Ramairfreak98ss;1050706 said:


> well id never run mud tires, dont need them for anything, but they look sharp.. Ive always hated how chevys only had like 16s as their largest wheel on the 2500hds... mainly the reason i always looked at ford because they'd have 17s, 18s, 20s.. I know they all do the same thing, but you get this big badazz 3500 dually silverado only to have these donut looking tires on the truck.. Your larger tires on this though really set it apart, were they cheap?


Yea pretty good deal $850 for everything tires, wheels, and new centercaps


----------



## cat320 (Aug 25, 2000)

yeah that is a score for all that i picked up a new tailgate and bumper for my truck for $170 never used original equipment ,plus it was stored inside nice and dry so no moisture from sitting .


----------



## Mick76 (Aug 2, 2009)

Yup, I'm a Craigslist ***** myself!......


----------



## JohnnyU (Nov 21, 2002)

Ramairfreak98ss;1050706 said:


> ve always hated how chevys only had like 16s as their largest wheel on the 2500hds... mainly the reason i always looked at ford because they'd have 17s, 18s, 20s..

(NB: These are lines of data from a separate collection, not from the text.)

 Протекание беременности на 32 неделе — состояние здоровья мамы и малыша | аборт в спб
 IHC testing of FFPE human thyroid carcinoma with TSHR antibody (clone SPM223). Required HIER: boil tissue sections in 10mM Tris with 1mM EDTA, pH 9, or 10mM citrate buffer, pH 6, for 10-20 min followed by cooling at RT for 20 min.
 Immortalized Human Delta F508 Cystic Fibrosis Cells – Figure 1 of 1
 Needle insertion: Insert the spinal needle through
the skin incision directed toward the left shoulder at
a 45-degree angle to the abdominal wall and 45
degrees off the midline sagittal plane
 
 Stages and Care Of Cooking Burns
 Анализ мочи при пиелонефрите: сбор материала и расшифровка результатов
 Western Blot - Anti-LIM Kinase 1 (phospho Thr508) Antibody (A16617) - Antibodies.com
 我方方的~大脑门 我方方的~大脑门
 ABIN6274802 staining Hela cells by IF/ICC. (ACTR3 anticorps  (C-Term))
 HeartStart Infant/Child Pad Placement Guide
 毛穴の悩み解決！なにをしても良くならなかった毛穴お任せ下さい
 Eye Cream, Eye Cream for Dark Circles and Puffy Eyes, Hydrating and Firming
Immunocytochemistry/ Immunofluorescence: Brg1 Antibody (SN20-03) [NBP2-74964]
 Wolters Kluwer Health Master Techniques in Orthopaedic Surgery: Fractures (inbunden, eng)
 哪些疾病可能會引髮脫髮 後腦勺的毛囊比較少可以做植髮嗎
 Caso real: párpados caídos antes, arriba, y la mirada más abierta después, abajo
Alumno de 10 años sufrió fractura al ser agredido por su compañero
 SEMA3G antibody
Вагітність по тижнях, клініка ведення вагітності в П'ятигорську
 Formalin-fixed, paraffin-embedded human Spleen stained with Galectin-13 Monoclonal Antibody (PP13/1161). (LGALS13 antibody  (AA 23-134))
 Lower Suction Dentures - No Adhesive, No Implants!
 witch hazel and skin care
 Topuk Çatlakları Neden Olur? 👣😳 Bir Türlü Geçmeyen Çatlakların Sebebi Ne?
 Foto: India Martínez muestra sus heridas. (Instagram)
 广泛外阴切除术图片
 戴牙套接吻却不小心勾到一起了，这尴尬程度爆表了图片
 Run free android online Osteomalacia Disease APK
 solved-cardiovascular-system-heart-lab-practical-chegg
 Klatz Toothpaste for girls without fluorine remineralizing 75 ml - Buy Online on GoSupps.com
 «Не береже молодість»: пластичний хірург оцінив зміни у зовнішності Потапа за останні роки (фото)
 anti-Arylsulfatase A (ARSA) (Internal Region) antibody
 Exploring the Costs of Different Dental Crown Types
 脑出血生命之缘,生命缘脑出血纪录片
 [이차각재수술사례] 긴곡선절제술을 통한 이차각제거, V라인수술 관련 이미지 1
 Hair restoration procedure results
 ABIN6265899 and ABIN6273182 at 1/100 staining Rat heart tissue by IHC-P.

That's the newest profound statement from you. You won't buy a certain brand of vehicle because the factory uses a certain rim size as compared to others. You know you can buy different rims for vehicles, right?


----------



## chs1993 (Nov 12, 2006)

Nice Truck ! Very well done!


----------



## mike6256 (Dec 15, 2007)

They look good!!


----------



## secret_weapon (Jan 24, 2007)

Looks good! Best looking rim GM has made I think!


----------



## GMCHD plower (Nov 27, 2009)

Nice! love they way it looks now!


----------



## mercer_me (Sep 13, 2008)

Looks great. I'm not going to lie the other wheels you had didn't look very good IMO.


----------



## DareDog (Oct 22, 2007)

sweet!! 

what do they go for new?


----------



## 20Silverado05 (Jan 16, 2008)

DareDog;1050784 said:


> sweet!!
> 
> what do they go for new?


Tire rack has them for $892 for 4


----------



## cat320 (Aug 25, 2000)

I don't think tire rack is really that cheap by the time you factor the shipping in then the install unless you have your own tire machine and balancer.


----------



## Brant'sLawnCare (Jun 29, 2007)

Looks really sweet! Should be good in snow.


----------



## joey7599 (Jun 27, 2010)

did you not like the other ones


----------



## ajman21 (Oct 30, 2009)

totaly off subject but i have never liked those truck visors on any thing i've seen but it looks good on yours


----------



## RCsLawncare (Oct 24, 2008)

NIce find! Those are the best GM wheels. The GM 2011 HD wheels are terrible.


----------



## 20Silverado05 (Jan 16, 2008)

joey7599;1051318 said:


> did you not like the other ones


I still gotthe others . But It was such a good deal i couldnt pass them up . I was looking for another set and found these so whatever , i bought them


----------